Atopic dermatitis also has a marked impact on productivity. The total number of days lost annually due to these factors is about 68.8 days for the general AD population, with presenteeism accounting for the majority of these days. The impact on productivity varies significantly with the severity of AD, with more severe cases resulting in higher numbers of days lost.
The average annual healthcare cost per patient varies is highest in the United Arab Emirates, estimated at US $3569, and lowest in Algeria at US $312. These costs are influenced by the economic status of each country and the cost of healthcare. Advanced treatments like targeted therapies and phototherapy are among the main cost drivers.
To mitigate the burden of AD, experts recommend strategic actions across five key domains: capacity building, guidelines, research, public awareness, and patient support and education. Key measures include increasing the number of dermatologists, establishing evidence-based treatment guidelines, investing in patient education, and enhancing public awareness to reduce stigma. Improving access to effective treatments and conducting further research on AD's impact are also crucial for reducing the disease's clinical, economic, and humanistic burdens in the MEA.
Since the beginning of the 20th century, many inflammatory skin disorders have become more common; AD is a classic example of such a disease. Although AD was previously considered primarily a childhood disease, it is now recognized as highly prevalent in adults, with an estimated adult prevalence of 3–5% globally. It now affects 15–30% of children and 2–10% of adults in developed countries, and in the United States has nearly tripled in the past 30–40 years. Over 15 million American adults and children have AD.
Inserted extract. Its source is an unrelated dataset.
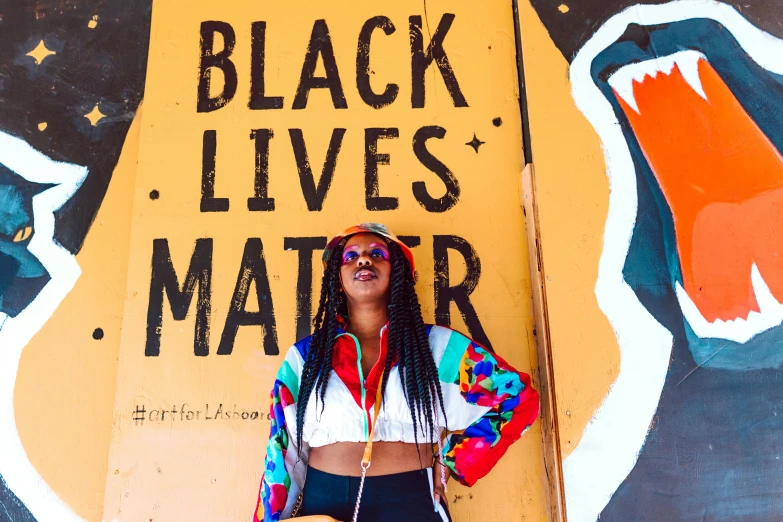 a woman standing in front of a black lives matter sign, black arts movement, 🦩🪐🐞👩🏻🦳, vibrant hues, outlive streetwear collection, tourist photo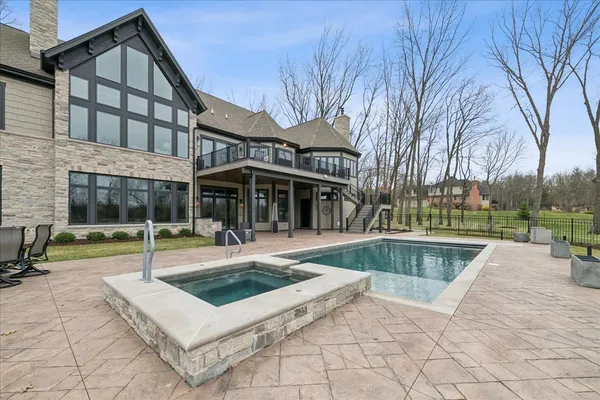 a view of swimming pool with a patio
A number of false and conspiratorial claims about AD have emerged on the internet and have been amplified by social media. These conspiracy theories include, among others, claims that AD is caused by 5G, formaldehyde in food, vaccines, and topical steroids. Various unproven theories also claim that vegan diets, apple cider vinegar, calendula, and witch hazel can cure AD and that air purifiers reduce the risk of developing AD.